Archive for the ‘Mechanical Turk’ Category

New version of Get-Another-Label available

Monday, October 22nd, 2012

New version of Get-Another-Label available by Panos Ipeirotis.

From the post:

I am often asked what type of technique I use for evaluating the quality of the workers on Mechanical Turk (or on oDesk, or …). Do I use gold tests? Do I use redundancy?

Well, the answer is that I use both. In fact, I use the code “Get-Another-Label” that I have developed together with my PhD students and a few other developers. The code is publicly available on Github.

We have updated the code recently, to add some useful functionality, such as the ability to pass (for evaluation purposes) the true answers for the different tasks, and get back answers about the quality of the estimates of the different algorithms.

Panos continues his series on the use of crowd sourcing.

Just a thought experiment at the moment but could semantic gaps between populations be “discovered” by use of crowd sourcing?

That is to create tasks that require “understanding” some implicit semantic in the task and then collecting the answer.

There being no “incorrect” answers but answers that reflect the differing perceptions of the semantics of the task.

A way to get away from using small groups of college students for such research? (Nothing against small groups of college students but they best represent small groups of college students. May need a broader semantic range.)

Clockwork Raven uses humans to crunch your Big Data

Saturday, August 18th, 2012

Clockwork Raven uses humans to crunch your Big Data (Powered by an army of twits) by Elliot Bentley.

Twitter, the folks with the friendly API, ;-), have open sourced Clockwork Raven, a Twitter based means to upload small tasks to Mechanical Turk.

You can give users a full topic map editing/ontology creation tool (and train them in its use) or, you can ask very precise questions and crunch the output.

Not appropriate for every task but I suspect good enough for a number of them.

New Mechanical Turk Categorization App

Saturday, May 19th, 2012

New Mechanical Turk Categorization App

Categorization is one of the more popular use cases for the Amazon Mechanical Turk. A categorization HIT (Human Intelligence Task) asks the Worker to select from a list of options. Our customers use HITs of this type to assign product categories, match URLs to business listings, and to discriminate between line art and photographs.

Using our new Categorization App, you can start categorizing your own items or data in minutes, eliminating the learning curve that has traditionally accompanied this type of activity. The app includes everything that you need to be successful including:

  1. Predefined HITs (no HTML editing required).
  2. Pre-qualified Master Workers (see Jinesh’s previous blog post on Mechanical Turk Masters).
  3. Price recommendations based on complexity and comparable HITs.
  4. Analysis tools.

The Categorization App guides you through the four simple steps that are needed to create your categorization project.
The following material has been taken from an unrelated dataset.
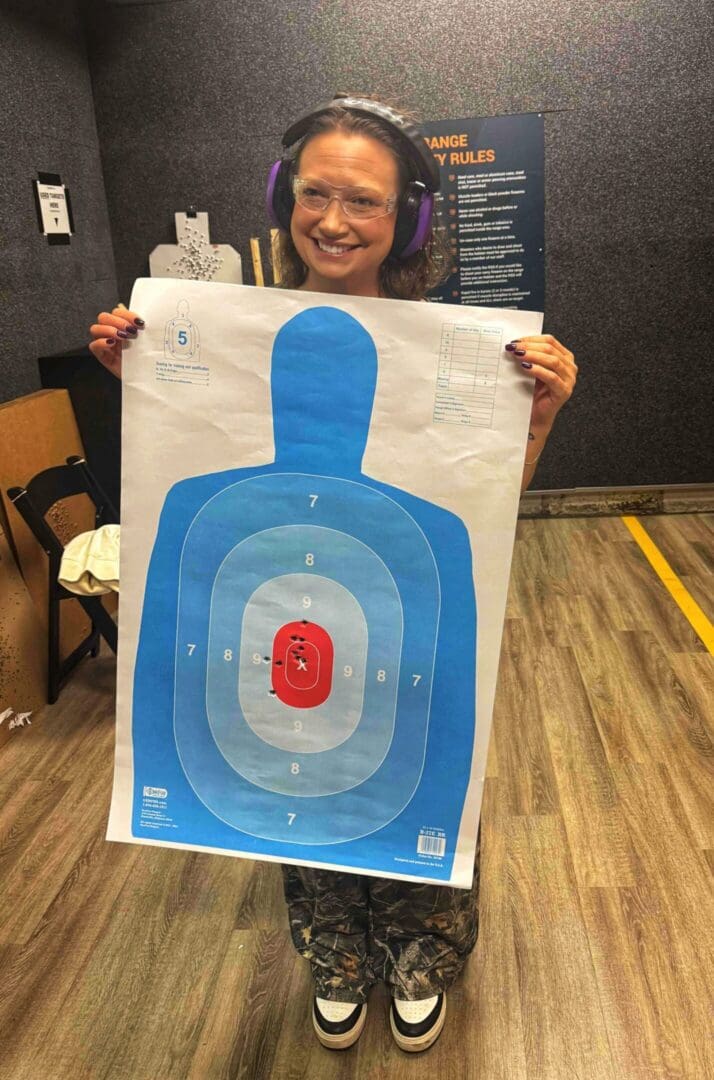 Person holding a colorful shooting target with bullet holes.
I thought the contrast between gamers (the GPU post) and MTurkers would be a nice to close the day. ­čśë

Although, there are efforts to create games where useful activity happens, whether intended or not. (Would that take some of the joy out of a game?)

If you use this particular app, please blog or post a note about your experieince.

Thanks!

Mechanical Turk vs oDesk: My experiences

Sunday, February 19th, 2012

Mechanical Turk vs oDesk: My experiences by Panos Ipeirotis.

From the post:

A question that I receive often is how to structure tasks on Mechanical Turk for which it is necessary for the workers to pass training before doing the task. My common answer to most such question is that Mechanical Turk is not the ideal environment for such tasks: When training and frequent interaction is required, an employer is typically better off by using a site such as oDesk to hire people for the long term to do the job.

Like most things, whether you choose oDesk or Amazon’s Mechanical Turk, should not be an automatic or knee-jerk reaction.

Panos is an “academic-in-residence” with oDesk but even handedly points out when oDesk or Mechanical Turk would be the better choice. Depends on the task at hand and a number of other factors.

If you are considering using either service now or in the future, this is definitely an article you need to keep close at hand.

Geo Analytics Tutorial – Where 2.0 2011

Friday, April 22nd, 2011

Geo Analytics Tutorial – Where 2.0 2011

Very cool set of slides on geo analytics from Pete Skomoroch.

Includes use of Hadoop, Pig, Mechanical Turk.